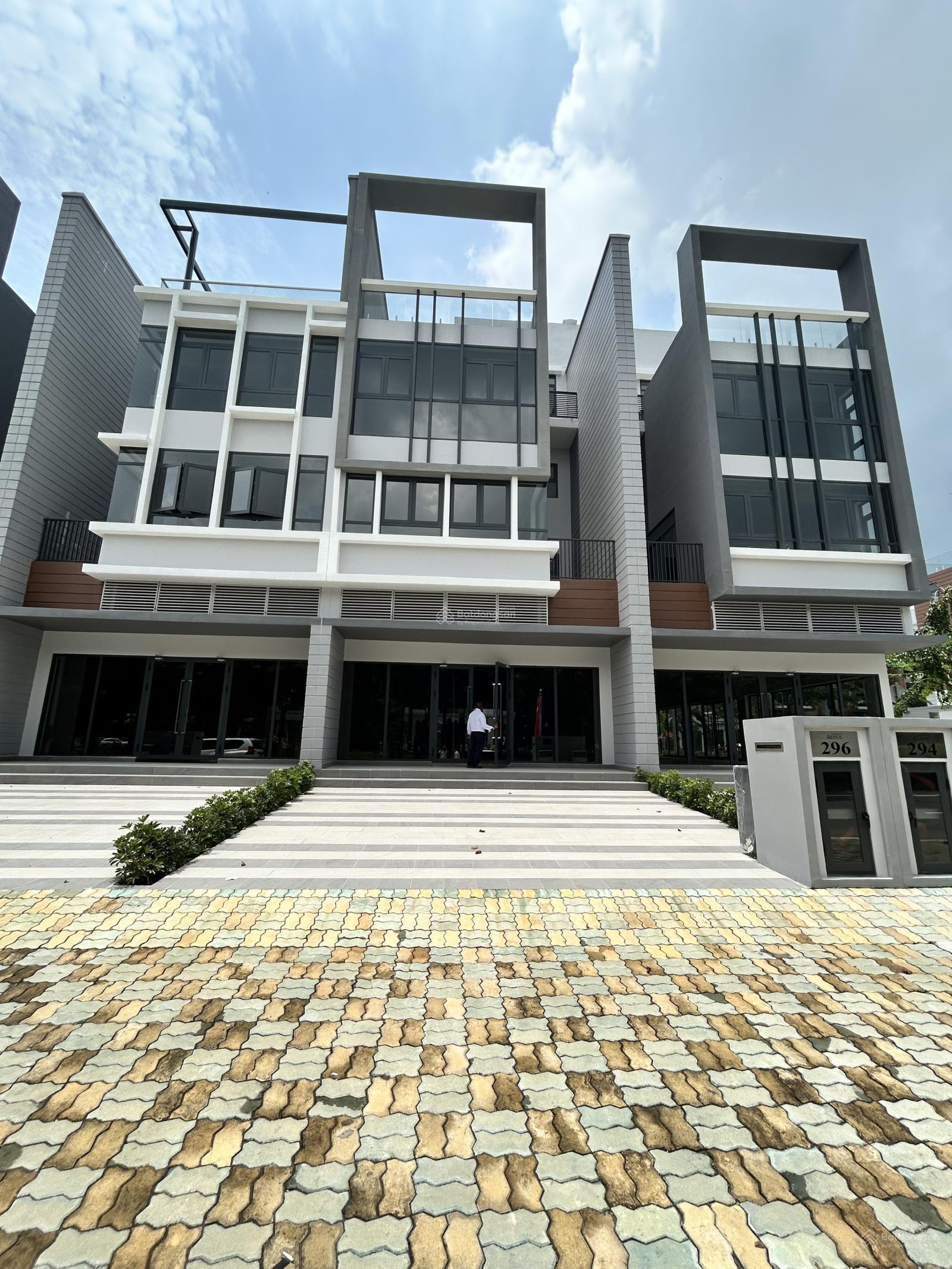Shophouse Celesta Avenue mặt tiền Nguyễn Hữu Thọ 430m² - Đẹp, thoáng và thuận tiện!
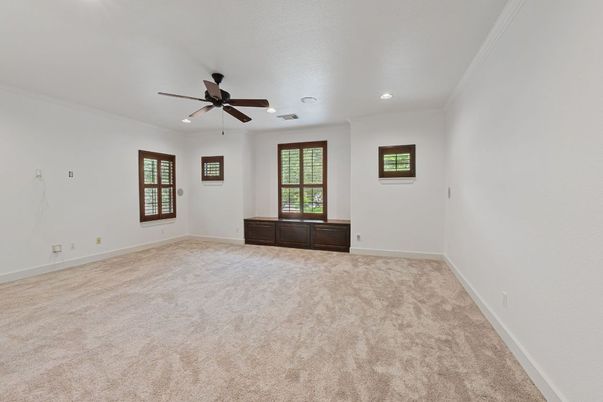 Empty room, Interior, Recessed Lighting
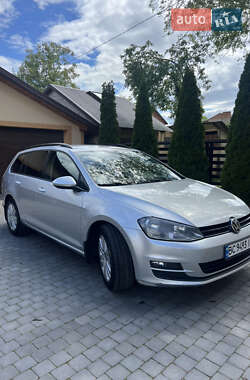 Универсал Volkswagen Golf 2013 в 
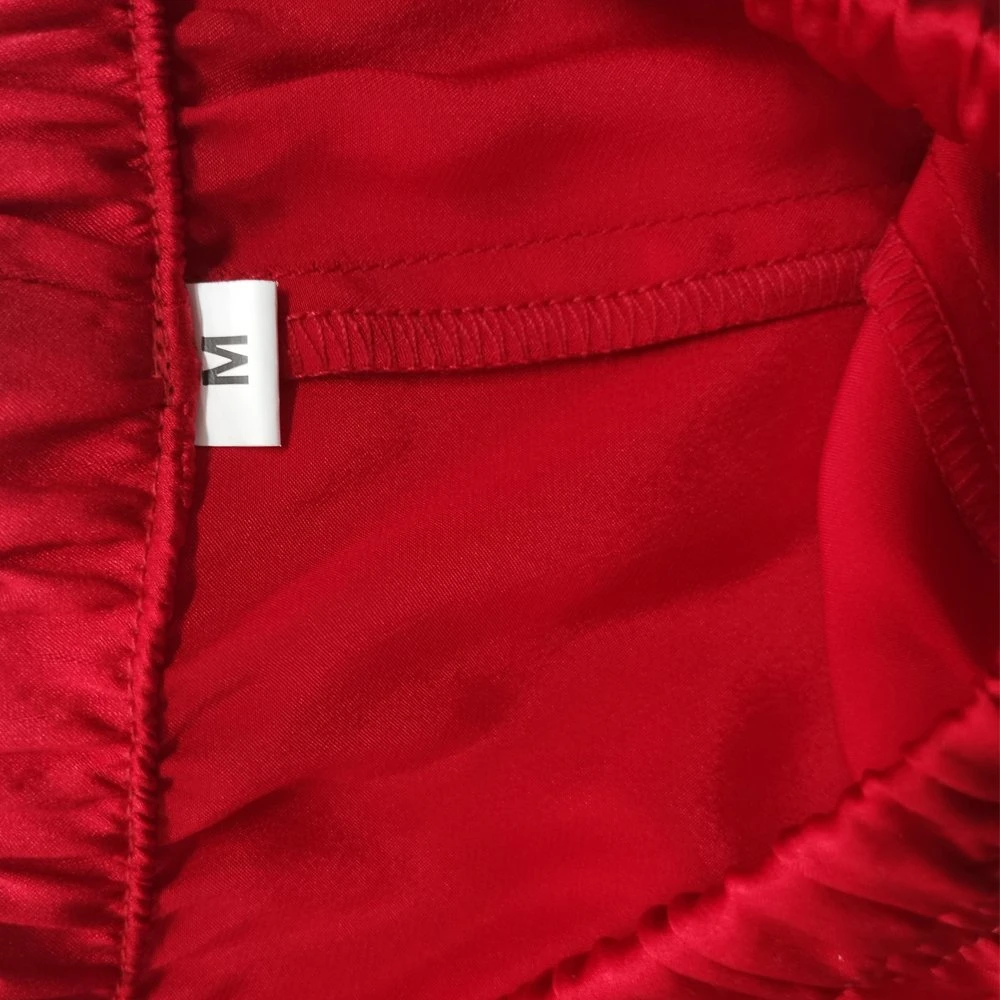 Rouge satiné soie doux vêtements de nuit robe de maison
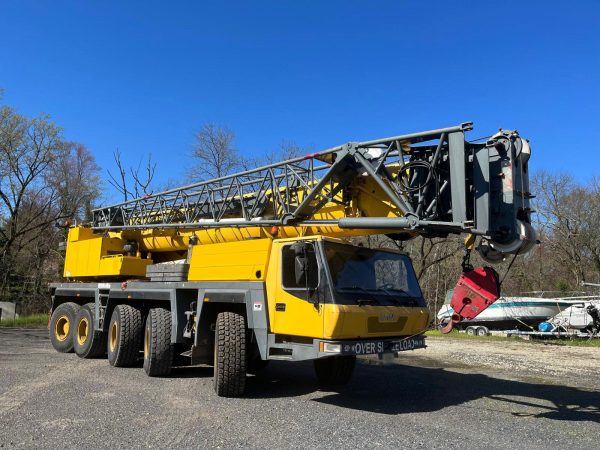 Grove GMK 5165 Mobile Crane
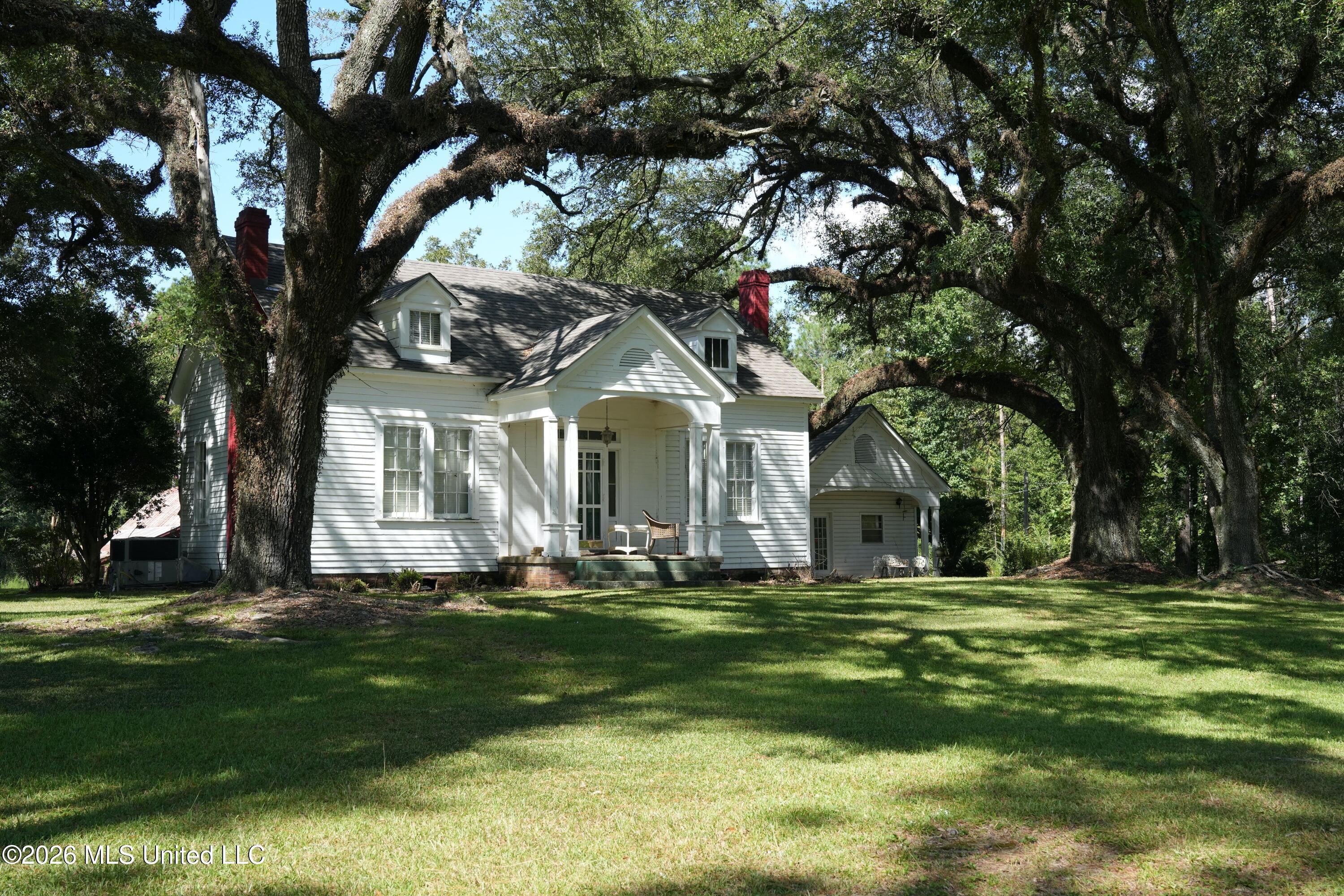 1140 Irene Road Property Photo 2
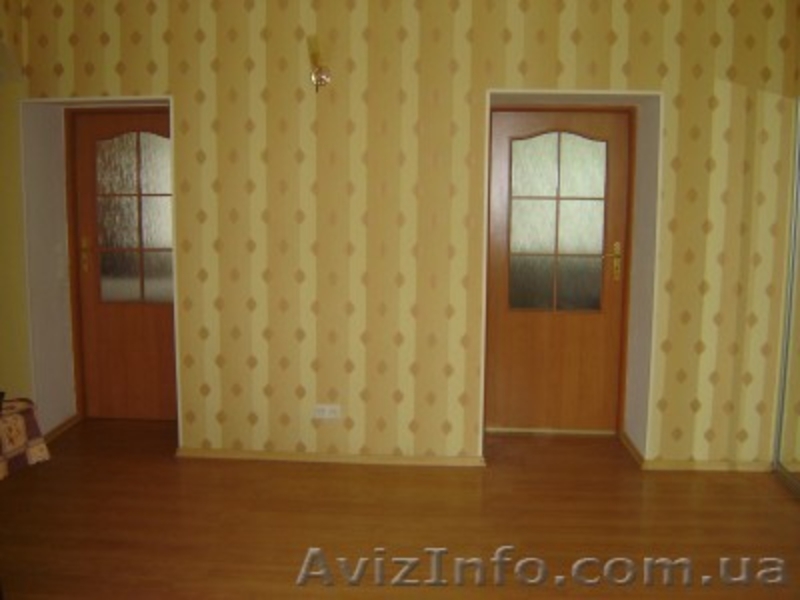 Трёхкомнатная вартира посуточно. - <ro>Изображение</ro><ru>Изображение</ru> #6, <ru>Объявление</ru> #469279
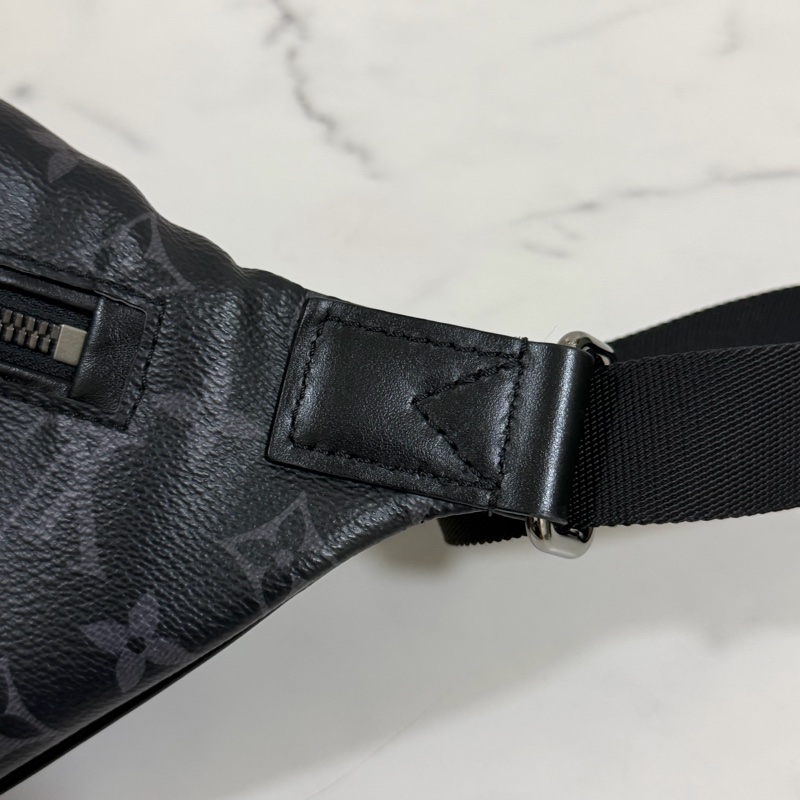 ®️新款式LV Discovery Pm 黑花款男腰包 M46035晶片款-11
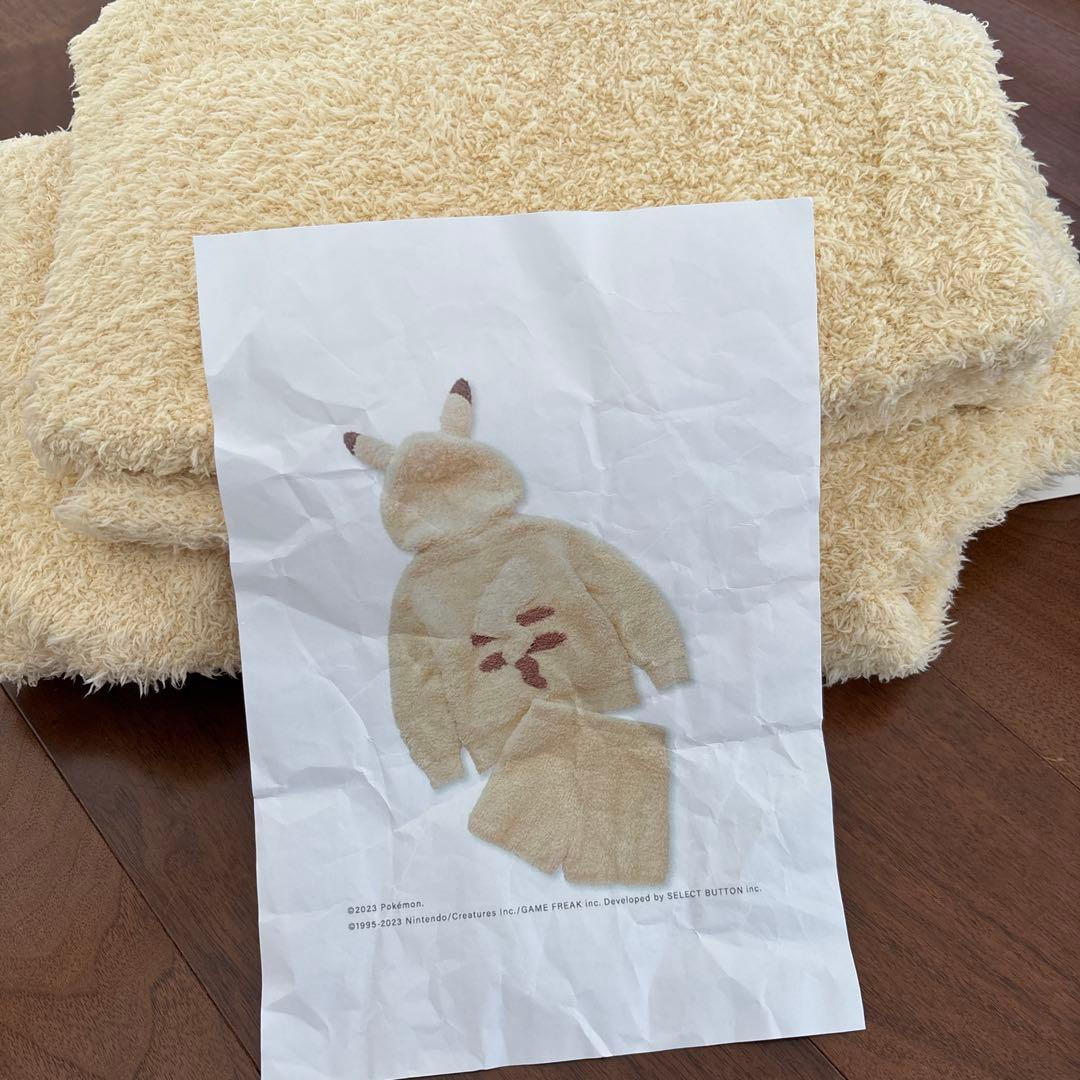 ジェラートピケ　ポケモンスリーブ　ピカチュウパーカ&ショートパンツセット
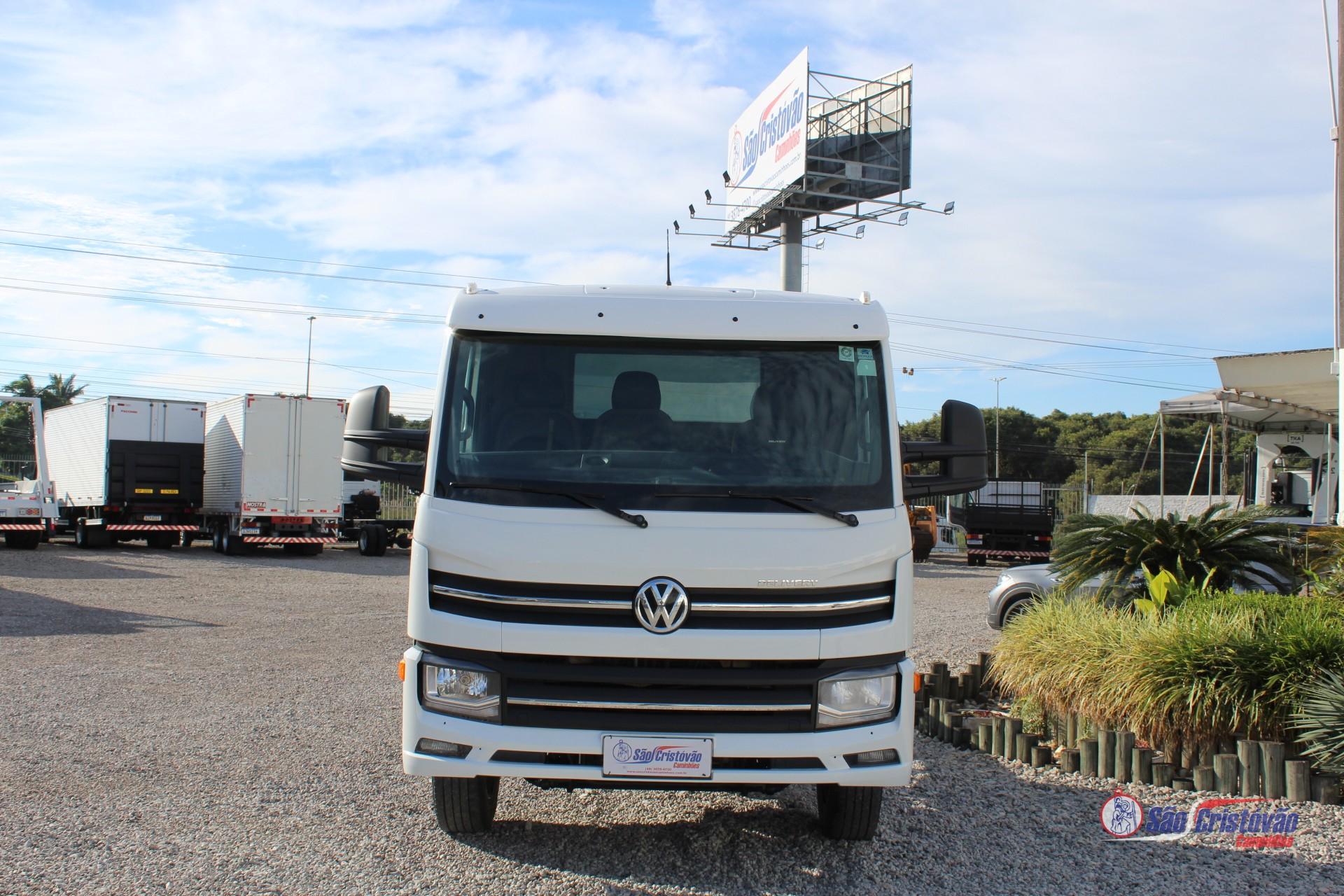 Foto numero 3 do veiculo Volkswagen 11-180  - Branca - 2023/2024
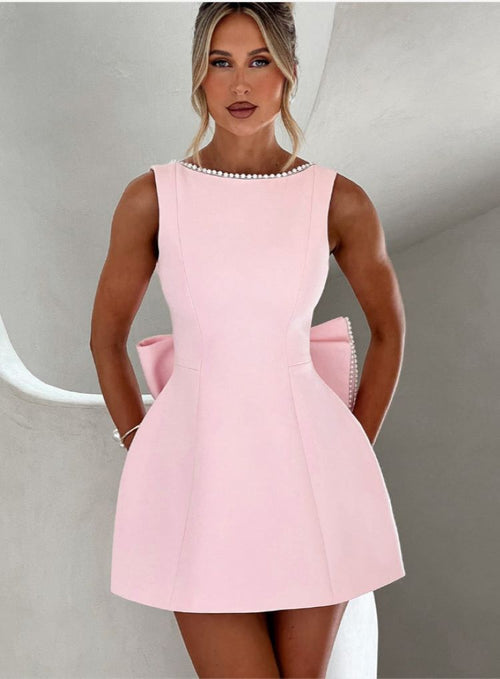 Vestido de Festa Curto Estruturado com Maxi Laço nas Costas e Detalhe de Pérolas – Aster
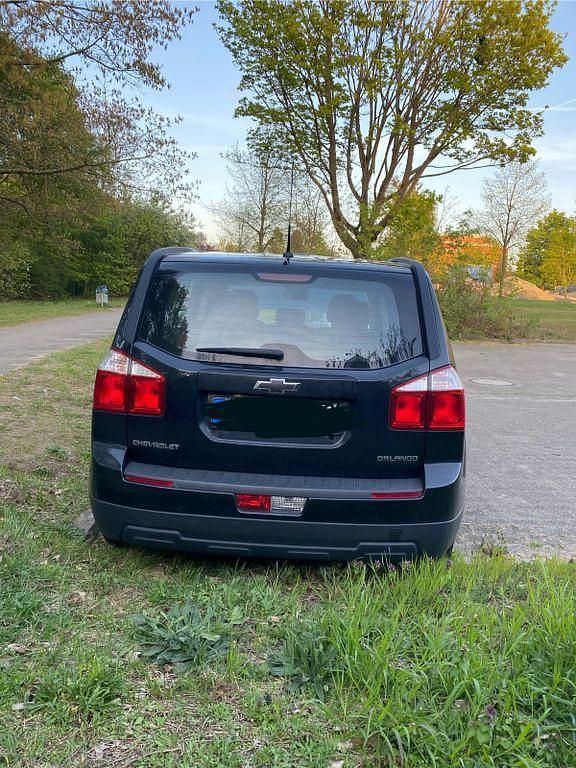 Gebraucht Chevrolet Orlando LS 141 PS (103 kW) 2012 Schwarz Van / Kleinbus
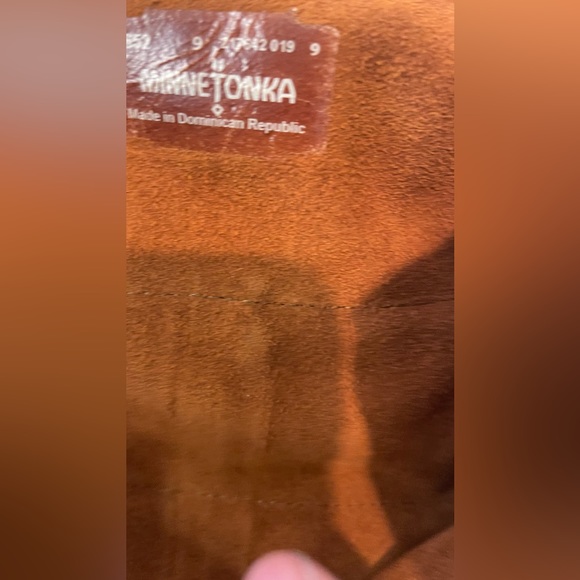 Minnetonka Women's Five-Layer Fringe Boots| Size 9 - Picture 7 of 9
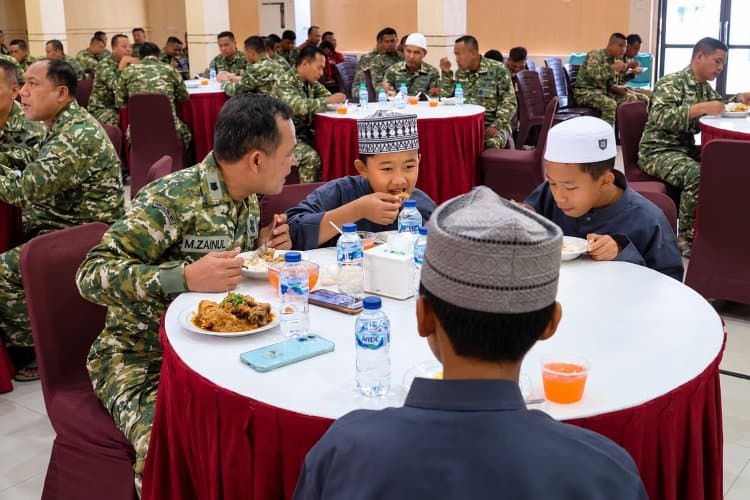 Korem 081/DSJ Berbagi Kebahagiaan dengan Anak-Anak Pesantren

+ + + + +

*DIRECTIONS*: Exactly as written, return each line above and leave the pictures behind.

*OUTPUT FOR THIS TASK*:
Shophouse Celesta Avenue mặt tiền Nguyễn Hữu Thọ 430m² - Đẹp, thoáng và thuận tiện!
 Empty room, Interior, Recessed Lighting
 Универсал Volkswagen Golf 2013 в 
 Rouge satiné soie doux vêtements de nuit robe de maison
 Grove GMK 5165 Mobile Crane
 1140 Irene Road Property Photo 2
 Трёхкомнатная вартира посуточно. - <ro>Изображение</ro><ru>Изображение</ru> #6, <ru>Объявление</ru> #469279
 ®️新款式LV Discovery Pm 黑花款男腰包 M46035晶片款-11
 ジェラートピケ　ポケモンスリーブ　ピカチュウパーカ&ショートパンツセット
 Foto numero 3 do veiculo Volkswagen 11-180  - Branca - 2023/2024
 Vestido de Festa Curto Estruturado com Maxi Laço nas Costas e Detalhe de Pérolas – Aster
 Gebraucht Chevrolet Orlando LS 141 PS (103 kW) 2012 Schwarz Van / Kleinbus
 Minnetonka Women's Five-Layer Fringe Boots| Size 9 - Picture 7 of 9
 Korem 081/DSJ Berbagi Kebahagiaan dengan Anak-Anak Pesantren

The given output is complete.